Navy Adm. Mike Mullen, chairman of the Joint Chiefs of Staff, talks with Jon Stewart, host of Comedy Central's "The Daily Show,” in New York, Sept. 12, 2011. The appearance was Mullen's third visit to the show, and his first since Stewart accompanied him on a USO troop visit to Afghanistan earlier in the summer. DOD photo by Navy Petty Officer 1st Class Chad J. McNeeley
(Click photo for screen-resolution image);high-resolution image available.
Navy Adm. Mike Mullen, chairman of the Joint Chiefs of Staff, was Stewart’s guest for the third time on the popular Comedy Central show last night.
Mullen joked with the satirist about his plans for retirement and his decision to join the Navy in 1964. And on a more serious note, he stressed the need for military leaders to hear a range of opinions before making decisions.
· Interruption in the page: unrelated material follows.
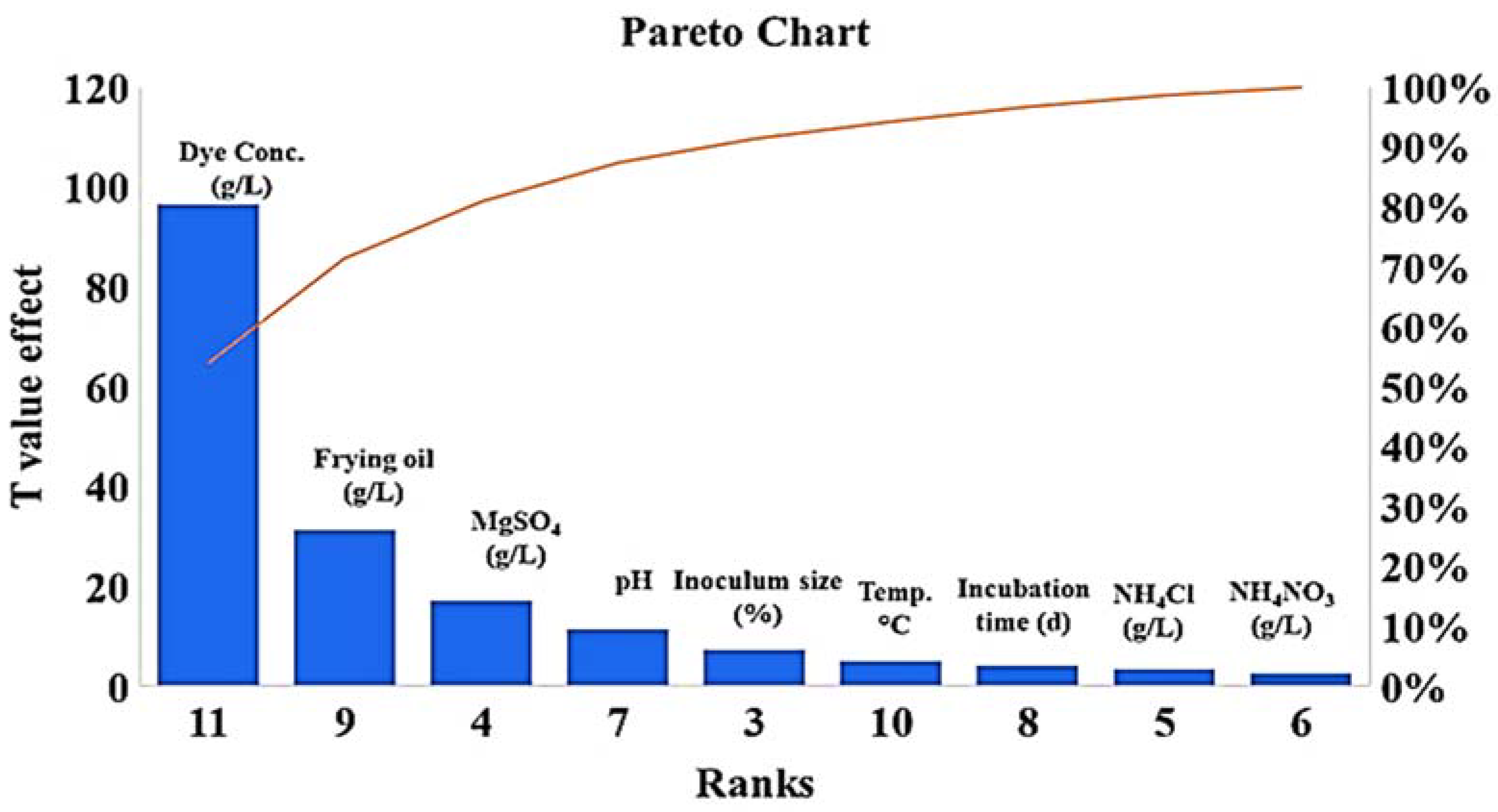 Molecules 27 06456 g005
Stewart has been spending a lot of time with the chairman. He traveled to Afghanistan with Mullen this summer to thank troops in remote combat outposts and forward operating bases for their service. Stewart called it his “summer vacation.”
Mullen, whose father was a Hollywood publicist, joked about escaping Los Angeles in 1964 when he entered the U.S. Naval Academy in Annapolis, Md.
Stewart asked about the chairman’s plans after his retirement at the end of the month. “A long winter’s nap,” Mullen responded.
The discussion turned to weightier matters, and the chairman praised the men and women who are serving today. They have served multiple deployments, he noted, and have done everything the country has asked them to do.
“I’ve been doing this a long time -- since 1968 -- and unquestionably, they are superb,” he said.
Mullen said he and his wife, Deborah, who accompanied the chairman to the taping, try to represent the needs of service members and their families. “We try to stay in touch with them, so we understand what they are doing and what we are asking them to do, including the ultimate sacrifice,” the chairman told Stewart. “I tell them … there isn’t a decision I make or recommendation I make that doesn’t take their needs … into account. The strength of our military is those men and women and their families.”
During last month’s trip, Stewart said, he was surprised that Mullen had surrounded himself with people whose jobs were to challenge him and his thinking.
“What I’ve found over the years as I’ve gotten into jobs with more responsibility is the diversity of opinions and views is absolutely critical,” the chairman said. “It allows me, in the end, to make the best decision.”